観察五日目其の六/にっこにっこになりたい。みんなも一緒にシャンシャンしてほしい。
下着泥棒ブラックアウト、誘拐洗脳少女フォッグに続き、今回は盗撮魔シーカーのターンです。
「……と、いう訳で用務員に追われているんですけど、応援にきてもらえませんか?」
なんとか倉田用務員からダクト内を逃げている僕は、迷惑がかかるとはわかっていても、サンクスマンに助けを求めずにはいられなかった。
『すまないシーカー君。ちょっと立て込んでいてね。もう少し待ってくれないかい?』
ん? なんか、サンクスマンの声の向こうでバシンバシンって音がする……。
「わかりました。……ところでサンクスマンさんは何やっているんですか?」
『剣道対決だが?』
「本当に何やっているんですか!?」
『……おっと、そろそろ通信を切るよ』
「え、ちょっと……ふぅ」
もう、なんでこんなことに……。
「ピロリ♪」
「うわっ!?」
メールだ。
僕は迷彩柄のツナギの胸ポケットからスマホを取り出し、内容を確認する。
「えーと、『モモアワセの今週分の更新当番忘れてる』ってああっ!」
しまった、こっちに気がいっていてすっかり怠っていた。
モモアワセというのは、僕らの組織の事務部が日々管理・運営しているレズビアン専用、男子禁制の掲示板。現在事務部に所属している僕には、当然定期的に更新するローテーションが回ってくるわけで……不覚。

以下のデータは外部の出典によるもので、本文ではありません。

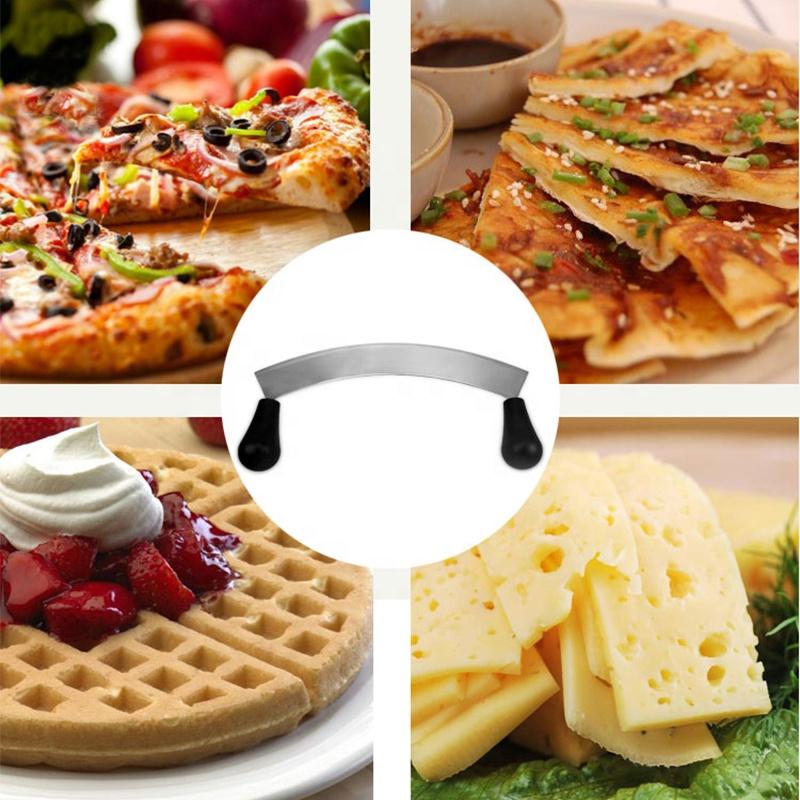 Pizza Rocker Cutter Stainless Steel Pizza Chopper High Quality Kitchen Knife Two Handles Cutter Tool Use for Waffle Cookies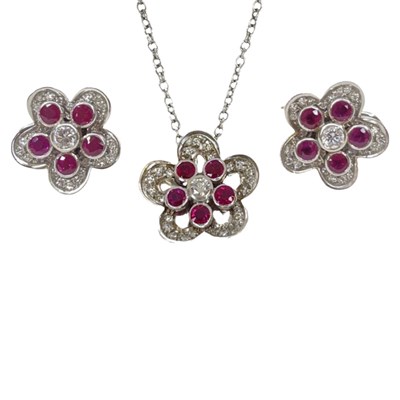 Lot 74 - A Floral 18ct White Gold Ruby and Diamond Pendant and Earring set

「どうしよう記事のアイデアなんてないしこんな状況でどうしたら……ん? 『追伸。だいたい他のメンバーが代わりに入力してくれたからアップロードだけしておいて』か……助かります」
早速モモアワセのサイトに向かい、管理者パスワードを使ってログイン。
「お、ここの隣町の闇市場で手提げポーチに偽装したハイビジョンカメラが近々30台限定で販売されるんだ……これは盗撮が捗りそうだって10万円!? 高っ!」
さすがにちょっと手が出せない……。しかも決して法外な値段じゃないところが後ろ髪を引かれる……。
おっとそうじゃない。
「更新更新っと……よし」
さて、悲劇というものは突然襲ってくるものだ。
今、僕はダクト内に潜伏している。そしてちょうど僕が這っていた場所が、奇しくも換気用の鉄格子の上だった。
「ギシッ……ガシャン!」
「……」
さらに……その鉄格子に肘をついていた僕は、重心の急速な移動についていけず、バランスを崩して……。
「ドサッ!」
「あぁ、なんかデジャヴ……」
ダクトから落ちた。
回りから、ザワザワと多人数のざわめきが聞こえてくる。
僕は趣味の盗撮をする際、いつも迷彩柄のコーディネートで臨む。森などの自然溢れる場所では、気配を消すのにうってつけなのだ。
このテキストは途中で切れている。